David Crystal, linguista britânico, considera o dialecto a «variante de uma língua, distinta em termos sociais ou regionais, identificado por um conjunto de palavras e estruturas gramaticais, associadas a uma pronúncia específica».
Wilhelm Meyer-Lübke, filólogo suíço, define o dialecto crioulo como «falar indígena, resultado do emprego de uma língua de civilização pelos nativos nas suas relações, principalmente comerciais, caracterizado pela extrema simplificação das formas gramaticais».
Leite de Vasconcelos, o linguista e filólogo português que mais estudou a dialectologia portuguesa, entende que «o estudo dos crioulos tem grande importância, tanto para a psicologia da linguagem, como para a filologia, enquanto revelam operações notáveis no desenvolvimento da fala humana».
E foi deste modo que classificou os diversos dialectos que tiveram origem na Língua Portuguesa:
1 – Continentais:
Interamnense (entre Douro-e-Minho)
Transmontano (Trás-os-Montes)
Beirão (Beira-Alta e Beira-Baixa)
Meridional (sul de Portugal)
2 – Insulanos:
Açoriano (Açores)
Madeirense (Madeira)
3 – Ultramarinos:
1 – Dialecto Brasileiro
2 – Indo-português:
a – Dialecto crioulo de Diu
b – Dialecto crioulo de Damão
c – Dialecto norteiro (Bombaim, Baçaim, Chaul…)
d – Português de Goa
e – Dialecto crioulo de Mangalor
f – Dialecto Crioulo de Cananor
g – Dialecto crioulo de Maé
h – Dialecto crioulo de Cochim
i – Português da costa de Coromandel
3 – Dialecto crioulo de Ceilão
4 – Dialecto crioulo macaísta ou de Macau
5 - Malaio-português:
a – Dialecto crioulo de Java
b – Dialecto Crioulo de Malaca e Singapura
6 – Português de Timor
7 – Dialecto Crioulo Cabo-verdiano ou de Cabo Verde
8 – Dialecto Crioulo Guineense ou da Guiné
9 – Dialectos crioulos do Golfo da Guiné (Ilhas de São Tomé e Príncipe e Ano Bom)
10 – Português das costas de África – Angola, Moçambique, Zanzibar, Mombaça, Melinde Quíloa.
Eis, em suma, os crioulos e os dialectos aos quais a Língua Portuguesa deu origem, por esse mundo fora, e salta à vista que os linguistas (não os pseudo-linguistas) não consideram a língua que se escreve e fala no Brasil, o tal Português Brasileiro, mas sim um Dialecto Brasileiro, que seguirá o rumo natural dos dialectos, transformando-se, mais dia, menos dia, em Língua Brasileira.

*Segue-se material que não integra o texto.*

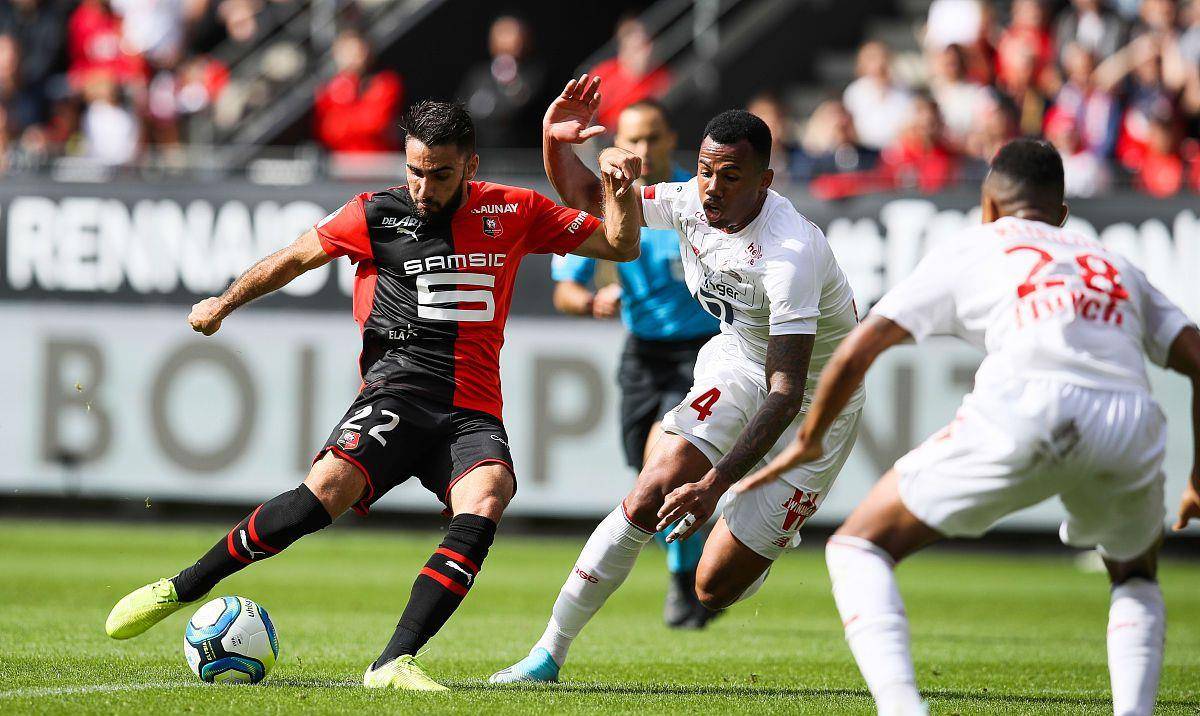 集结日山东男篮备战法国杯，状态回暖细节曝光，球迷炸锅，资深球员宣示担当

Daí que ser premente que o Brasil fique com o Dialecto deles, e nós, Portugueses, fiquemos com a nossa Língua Portuguesa, para que esta possa ter futuro em Portugal, na Europa e no mundo. Se o AO90 se impuser, a Língua Portuguesa será extinta, como foi o Latim.
Não interessa ser a língua mais falada no mundo, quando essa língua perde a sua dignidade de Língua, e é substituída por um Dialecto.
Nada contra o Dialecto Brasileiro. O Brasil possui um riquíssimo vocabulário e uma Literatura fabulosa, que pode e deve seguir um caminho diferente do dos outros países ditos lusófonos, e mais propriamente de Portugal, o único país que se vergou a esta vergonhosa e ilegal imposição da grafia de um dialecto.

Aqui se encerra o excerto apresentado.